Bienvenido a la feria de la persistencia

Parte de mi rutina diaria consiste en comprar pan para mi papá de 77 años, que lo devora como si se le fuera la vida en ello. Después de una mañana de primero de mayo con dolor de garganta, probable secuela de un 30 de abril sin mucho acero en los nervios, al mediodía consigo tres panes campesinos sin hacer cola en una callejuela escondida de La Candelaria. Con ese estorbo encima entro al Metro para ver si colecciono un nuevo discurso en vivo de Juan Guaidó. En las redes dicen que el presidente (e) va a hablar en la Plaza Altamira. El centro de la capital venezolana, mientras tanto, parece normal, excepto porque casi todo está cerrado.

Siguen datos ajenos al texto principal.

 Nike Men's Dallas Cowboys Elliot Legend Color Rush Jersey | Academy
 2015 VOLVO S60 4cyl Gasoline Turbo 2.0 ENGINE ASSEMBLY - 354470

Es un primero de mayo extraño. El día anterior hubo una sublevación militar, o algo que pretendió serlo, y sin embargo puedo bajarme del Metro a las 2:30 pm en la estación de Altamira, cerca del epicentro del levantamiento, algo tan cómodo para mí como inquietante. El desvencijado subterráneo de Caracas es un termómetro del nivel de riesgo político que concede el régimen a una manifestación demócrata; y si Altamira está abierta, quizás equivale a decir que la dictadura no ve hoy peligro alguno en esa concetración.

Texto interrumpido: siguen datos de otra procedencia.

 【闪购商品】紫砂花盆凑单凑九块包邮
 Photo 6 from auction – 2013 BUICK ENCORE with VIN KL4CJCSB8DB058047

Uno de los líderes civiles de la rebelión de ayer, Leopoldo López, amaneció libre por primera vez en cinco años después de fugarse de su arresto domiciliario. Al comienzo del día martes, las canas en las sienes de López eran un síntoma de la cercanía de la libertad. Al caer la tarde, de su lejanía: pidió refugio primero en la embajada de Chile y luego en la de España. Las embajadas son como los portales del Doctor Strange: se supone que entras a ellas y estás mágicamente en otro país. Pero en realidad sigues en el lugar de la recesión económica más catastrófica del mundo desde la Libia en guerra civil de de 2014. Y nunca lo he intentado, pero se supone que no cualquiera de nosotros puede brincar una reja electrificada y pedir asilo en un pedacito del mundo exterior.

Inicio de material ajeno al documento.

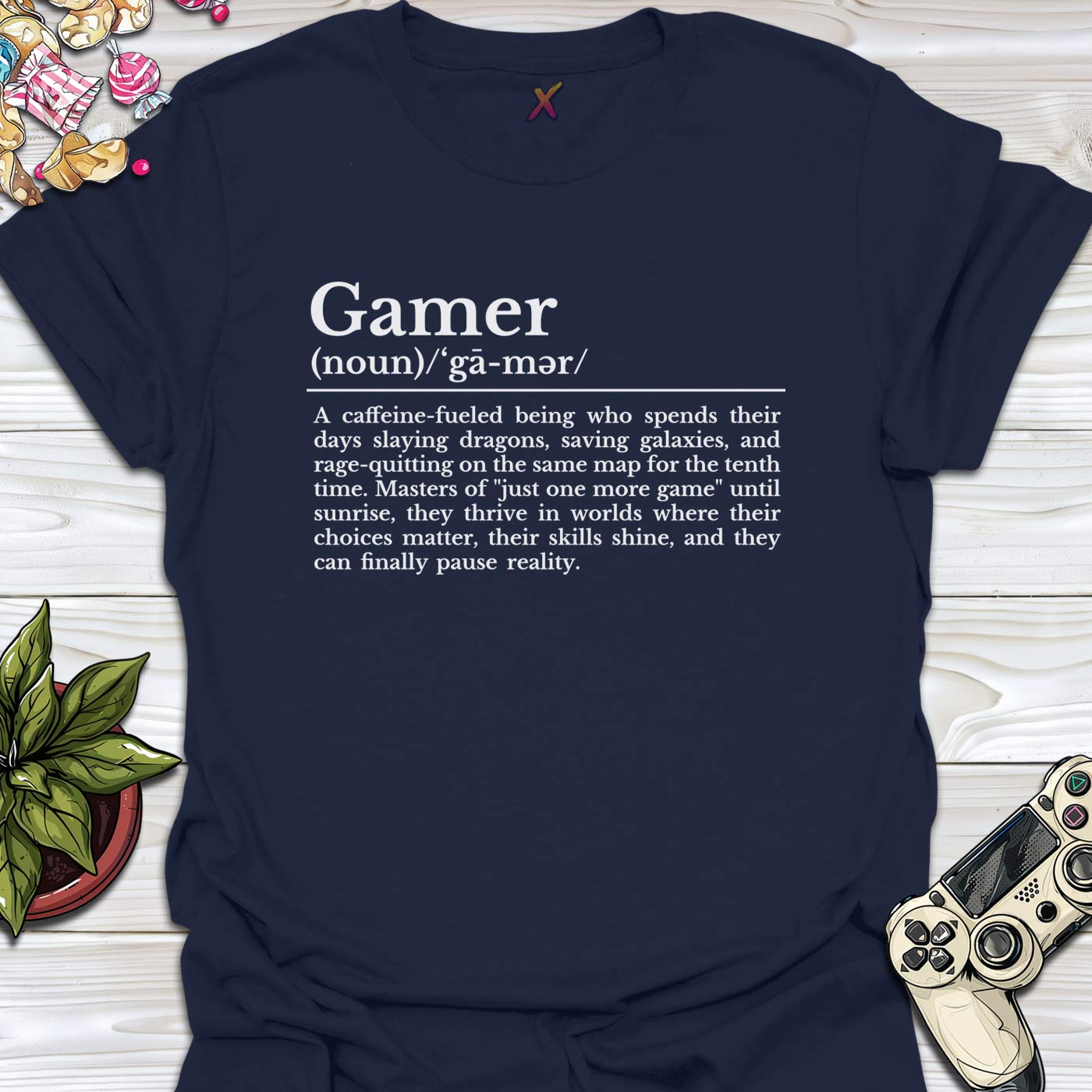 Gamer Definition T-Shirt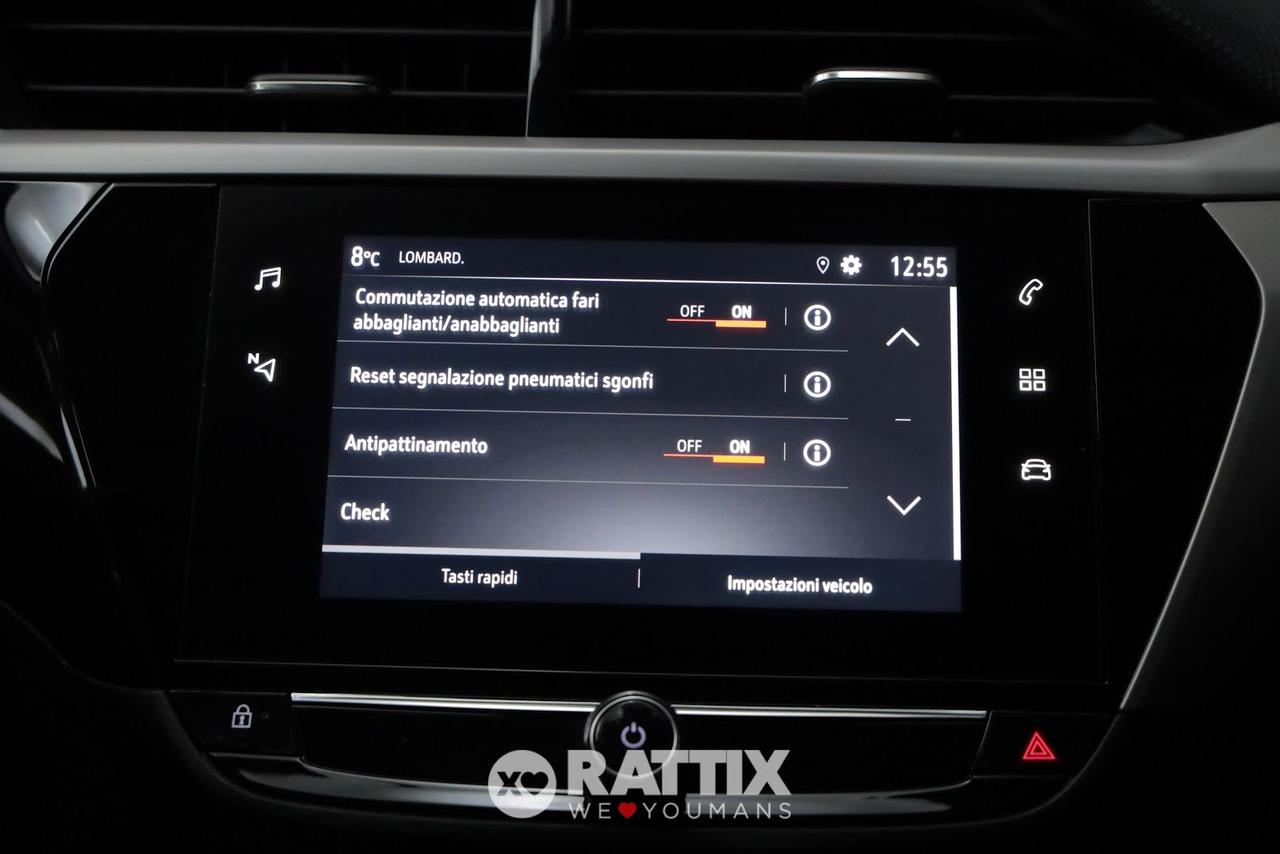 Opel Corsa 1.2 100CV Edition AT8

Altamira hoy está hasta los tequeteques, o al menos es la sensación térmica que da. Son las dos de la tarde y hay dos camiones como tarimas improvisadas en medio de la multitud, uno de ellos coronado de viriles fotógrafos vestidos como Robocops, señal de que va a hablar Guaidó, que también sigue libre después de ayer.

Lo primero que hago, en estos casos, es pensar en sitios en los que puedo protegerme ante una posible estampida. En realidad la gente se empieza a granear. Guaidó todavía no ha llegado y muchos se retiran al Metro, con cara de decepcionados. “Que nos digan si va a venir”, exige una mujer. Otros se acercan al borde de la autopista, al sur de la Plaza Altamira, donde han comenzado las escaramuzas con fuerzas de represión y las nubes de gas lacrimógeno distorsionan la vista en lontananza. Algunos lucen cintas azules en los brazos, una moda que quizás impongan los pocos militares de la Guardia Nacional que ayer respaldaron al presidente legítimo: 25 terminaron huyendo de torturas casi garantizadas y se refugiaron en otra embajada, la de Brasil.

Por momentos tengo la ilusión fantástica de que estoy en una feria de atracciones. En un momento dado, no precisamente quienes más gente congregan, se dirigen al público un puñado de diputados con megáfonos. Solo reconozco a Manuela Bolívar y su máscara permanente de mortificación, de estar dando 150% por una causa. Un compañero de tarima asegura que “a la usurpación le quedan días” y los oyentes chillan mecánicamente. Hay billetes de 100 bolívares fuertes regados como papelillos. Una chica desenrolla un dólar para pagar tres raspaítos. Como a las 3:15 pm, mal presagio: los diputados abandonan abruptamente la tarima y recordamos que esta en realidad es un camión que tiene un chofer, quien toca cornetazos a los atravesados para retirarse. Nadie lo dice, pero todos lo adivinamos: Guaidó ya no va a hablar en Altamira. ¿Lo habrán metido preso?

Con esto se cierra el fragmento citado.